But then, on Jan. 19, 2010, the state of Massachusetts opted to replace Ted Kennedy with a conservative Republican named Scott Brown in a special election for the liberal lion’s old Senate seat. This victory, utterly seismic no matter which way it’s spun, literally came out of the bluest of the blue.

The obituaries have been shattered. Conservatism, albeit with scars still apparent, is quite obviously alive and preparing itself to govern again soon.

Even before this week’s special election or the twin GOP gubernatorial victories last November, the right could be seen slowly climbing back to its feet. By mid-September, after a summer-long exertion of anti-Obamacare sentiment across the nation, a New York Times headline conceded: “G.O.P. Checks for a Pulse, and Finds One.”

But did the American right really die and resurrect itself after only three years? What actually happened?

Sometime in December 2008, I remember attending a panel discussion hosted by Georgetown University’s Tocqueville Forum about the consequences of the recent election. On the prospect of a new progressive era upon us, Professor Michael Kazin, who supported Obama, was actually quite cautious. He argued that unlike its counterpart, liberalism tends to showcase itself more in sporadic moments and less in extended periods of governance.
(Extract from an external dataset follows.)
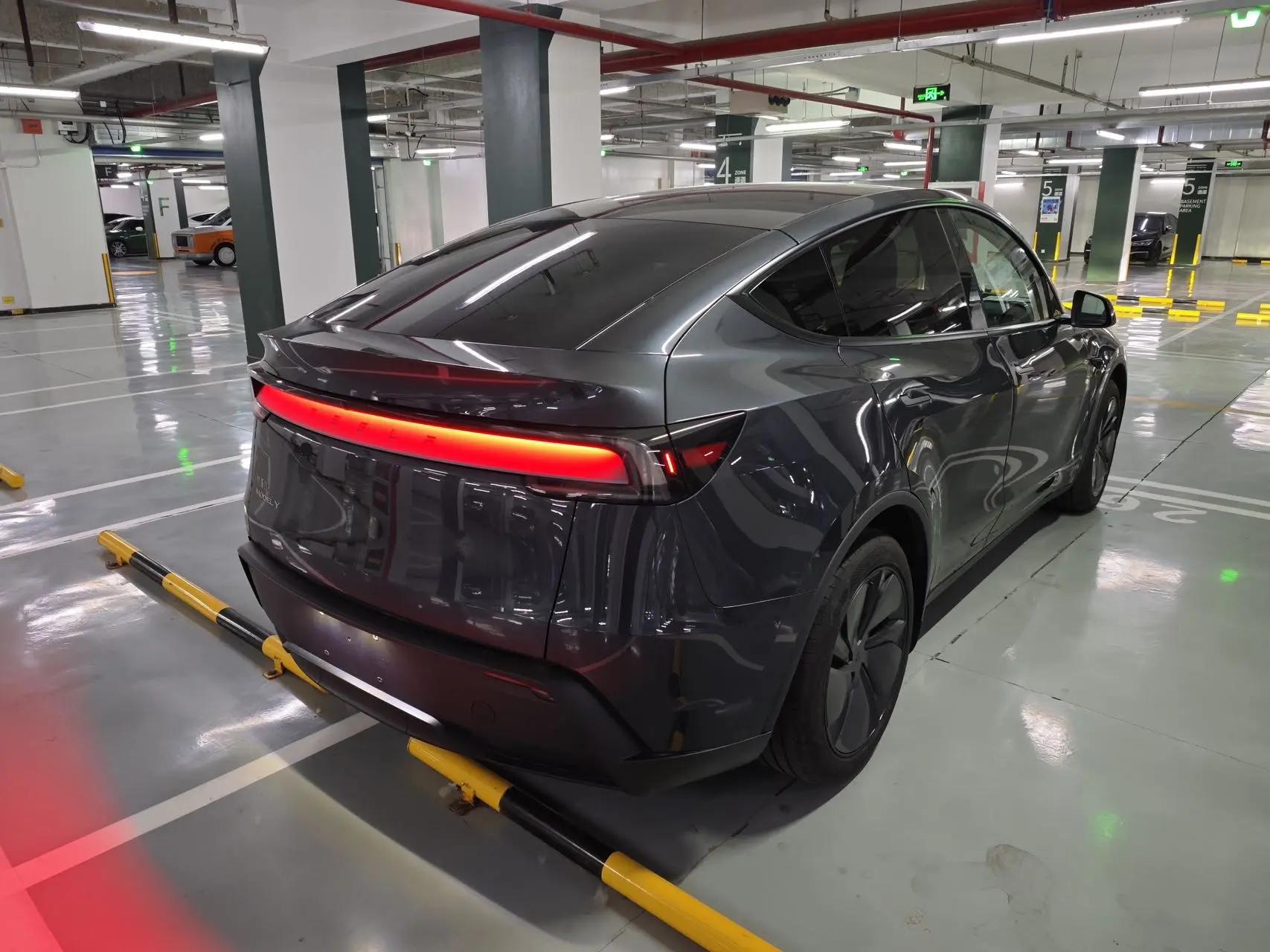 Tesla 2025 Model Y Rear-Wheel Drive Automatic 8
Examples of this phenomenon could be found in the labor movement of the 1930s, the civil rights movement of the 1950s/60s, and the women’s liberation movement of the 1960s/70s. Each came to a head in either a major election (Roosevelt’s second term, 1936) or a major bill (Civil Rights Act, 1964) or a major Supreme Court decision (Roe v. Wade, 1973).
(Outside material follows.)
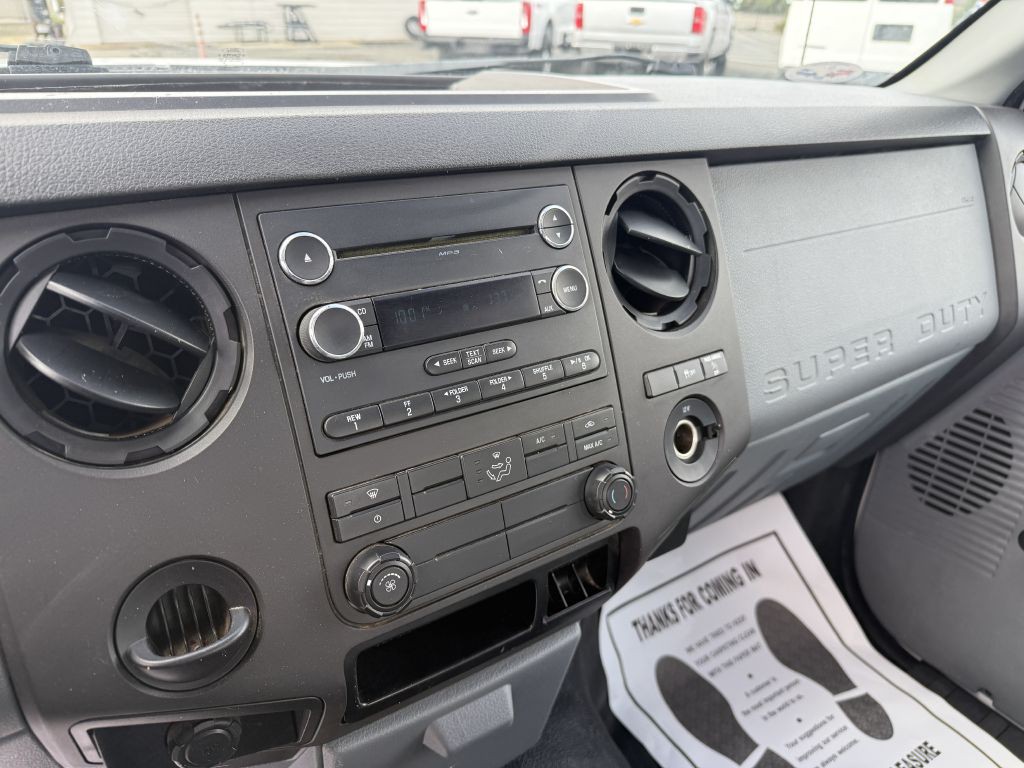 2015 Ford F-250 Image 18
But as Kristol (who also sat on that panel) rightly noted, the true significance of major political victories historically depends on how the victors govern. Franklin Roosevelt’s powerfully effective administration set the tone of not only the ’30s, but also the ’40s and the ’50s—hardly just a moment. Conversely, when Clinton’s agenda floundered early on and allowed for the Republican takeover of Congress in 1994, he ensured that the “Age of Reagan” would continue even without a Republican in the White House.

We are now discovering that, as a result of Barack Obama’s first year in office, the 2008 election actually more closely resembled that of 1992 than 1932. Realigning elections, after all, only occur if they are followed by what Kristol called “realigning administrations.” Whether or not a president can achieve this status has always depended just as much on whether or not the party in opposition can foster ideas viable enough to counter those in power.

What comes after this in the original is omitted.